We'll demonstrate how to create a neural network with synthetic data for the task of real-time 3D pose estimation of vehicles.
Our client had a vision for an app that would guide users to capture higher quality car photos through AR guides and automatic photo capture. This article is focused on the tech that went into building the car pose estimation component. In the app, users are guided to stand at certain angles and distances from the car to capture the best pictures in a standardized way. When the user is in the correct position, high resolution photos are automatically captured.
We needed a way to know roughly where a user is standing in 3d space relative to the car they are photographing. Since this was a prototype app, we only had a few weeks to come up with a working solution. We also limited the recognition to a specific model car to shorten development.
Short time frame to build a working solution
Roughly real-time car pose estimation ( < 150 ms )
Limit scope to a specific model of car with varying colors / options
App should capture high quality photos
Hoping for a quick off-the-shelf solution for 3d object pose estimation we tested out a few approaches.
ARKit contains APIs to scan and recognize rigid 3d objects within ARKit. This seemed ideal for us; real-time and built in to ARKit, this would cut development time to zero for this feature. Our main concern here was recognizing different car colors. To test how well ARKit handled this we purchased a small model car in a few different colors.
We scanned one color, then tested on a similar color ( i.e. scan white, test on light blue. ) For some cases the recognition did work. It wasn’t perfect, but maybe if we scanned some set of base colors, that would provide enough invariance to recognize any color of the car we might expect to see.
The next step was trying it on real cars. Turns out real cars behaved a bit differently. Even scanning and testing on the exact same car was not reliable. Sometimes the recognized car would be slightly rotated/translated one way or another. Our guess is that the highly reflective paint jobs on cars make it hard for feature-based scanning and recognition to work ( Apple specifically mentions that reflective objects are not suited for 3d recognition in their documentation. )
We did test out a few other SDKs and got similar results as with ARKit. Some libraries required specific ‘initialization templates’ or positions the user needs to match up to kick start the 3d object tracking. This wasn’t ideal since we wanted to guide the user to certain positions, so the recognition needs to work from a wide variety of angles / positions.
One other downside to both ARKit and the SDKs we tried is the quality and resolution of the photos that can be captured while using them. The highest resolution available for capture while using ARKit is 1920x1440. There is also very limited control over focus and exposure when using ARKit. Since the app is all about capturing high quality car photos, we wanted fine control over focus and exposure, in addition to a large image resolution.

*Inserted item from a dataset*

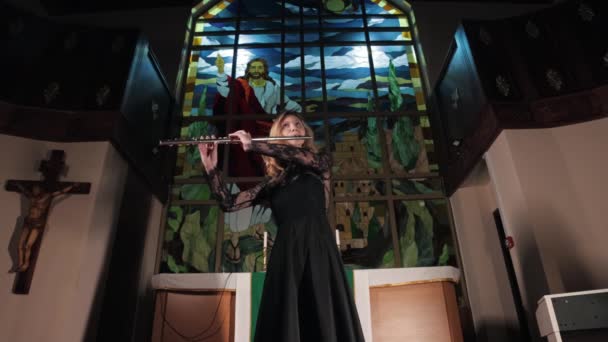 Flautista femenina tocando en la iglesia contra el fondo de vidrieras cristianas — Vídeos de Stock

Given our lack of success using third party solutions, combined with the photo quality limitation, we decided to look into building our own solution that would work alongside Apple’s AVFoundation camera APIs. We chose a neural network solution because they are state of the art for pose estimation, and there are a lot of open source projects and research to leverage.

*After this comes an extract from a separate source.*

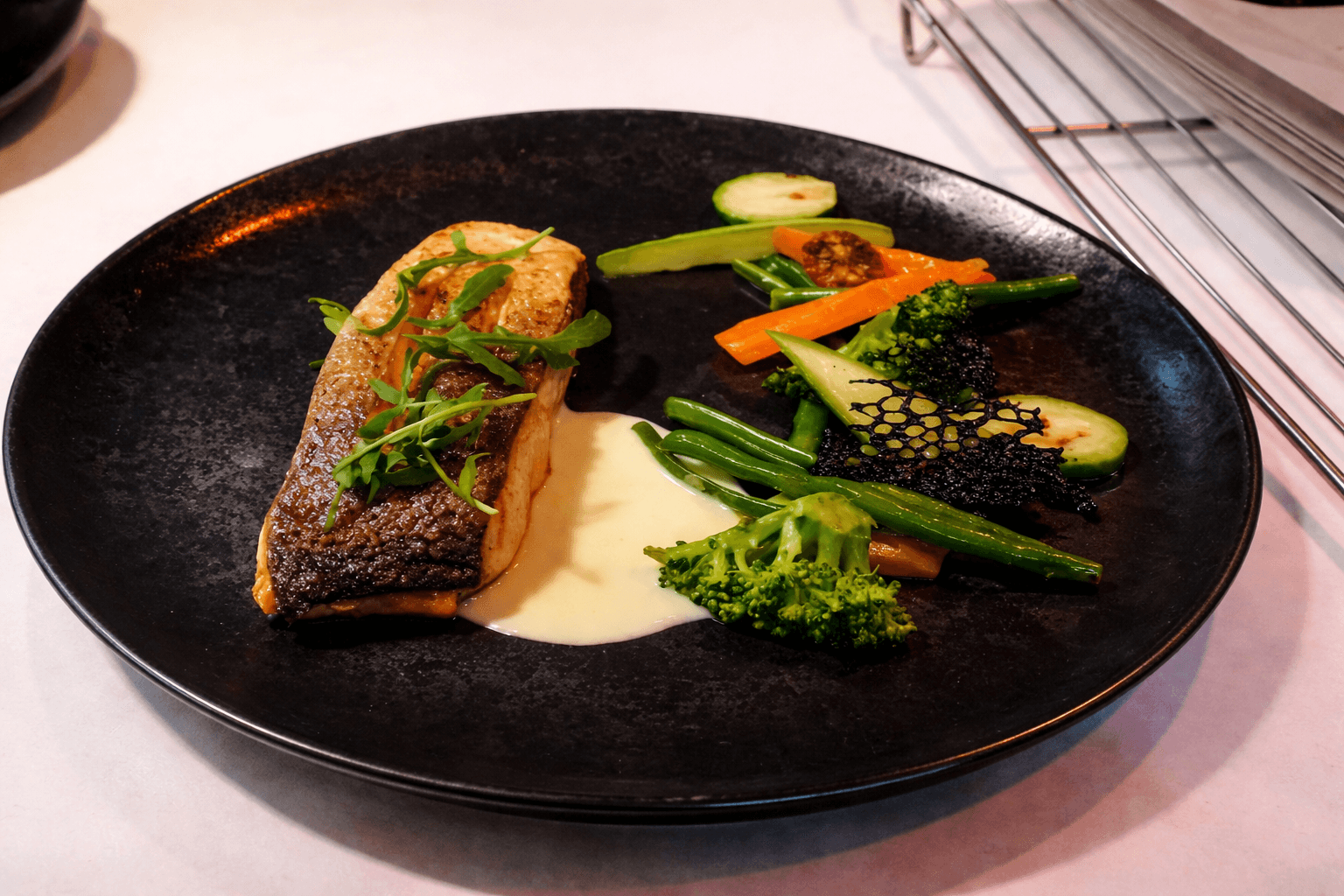 Salmon fillet with lemon butter sauce and sauteed vegetables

Given an image, how do we predict a 3d pose of an object within the image? A common approach involves predicting the image locations a set of known points on a canonical model of the object. For example, given a photo of a car, where is the left headlight in the image? Given enough of these predictions, we can estimate the 3d pose of the original car model relative to the camera taking the photo.
These days neural networks show impressive accuracy on a wide variety of tasks, but also have the ability to run in real time on mobile devices thanks to network architecture improvements, and faster devices.

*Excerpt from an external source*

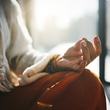 A close-up of a person meditating, wearing neutral-toned clothing, bathed in soft morning sunlight. The hand in a mudra gesture conveys calm and mindfulness.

These projects contain a lot of useful info for training and running your own pose estimator on mobile platforms.
The CPM network they used has a MobileNetV2 base and outputs a 2d heatmap for each of the 14 body parts ( left elbow, right knee, etc )
From here, we can essentially take the maximum activation locations for each keypoint layer, and then estimate the 3d car pose using OpenCV’s SolvePnP method. Here is a visualization of our final neural network running on a real car photo, along with the estimated 3d pose. It’s not a perfect fit due to the limited resolution of the output heatmaps. Our model outputs heatmaps with a 192x192 resolution, so there’s a limit to how accurate a single pass will be.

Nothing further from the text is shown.